Let $A$ be a Noetherian ring, $f: A\rightarrow B$ a surjective ring map, then should the induced map on spectra $f^*: Spec(B)\rightarrow Spec(A)$ be an open map? In Atiyah and Macdonald, Chapter 1, Exercise 21, $f^*$ is already a closed map and is a homeomorphism from $Spec(B)$ onto the closed subset $V(\ker f)$ of $Spec(A)$.
Since $f: A\rightarrow B$ trivially satisfies the "going-down property" defined in Chapter 5, Exercise 10 of Atiyah and Macdonald, and if the conclusion of Chapter 7, Exercise 24 is true, then $f^*$ must be an open map, and by Chapter 1, Exercise 21, we only need to show the image of $f^*$, i.e. $V(\ker f)$, is open in $Spec(A)$. Is it true?

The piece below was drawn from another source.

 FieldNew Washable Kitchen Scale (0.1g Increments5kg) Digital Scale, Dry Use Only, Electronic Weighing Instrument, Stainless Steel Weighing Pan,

So the problem is reduced to
If $A$ is a Noetherian ring, $f: A\rightarrow B$ a surjective ring map, then should the closed subset $V(\ker f)$ of $Spec(A)$ is also open in $Spec(A)$?
Since any closed subset of $Spec(A)$ is of the form $V(\ker f)$ for some surjective ring map $f: A\rightarrow B$, we have also reduced the problem to
In the space $Spec(A)$ (having the Zariski topology), where $A$ is a Noetherian ring, does the collection of open sets and of closed sets coincide?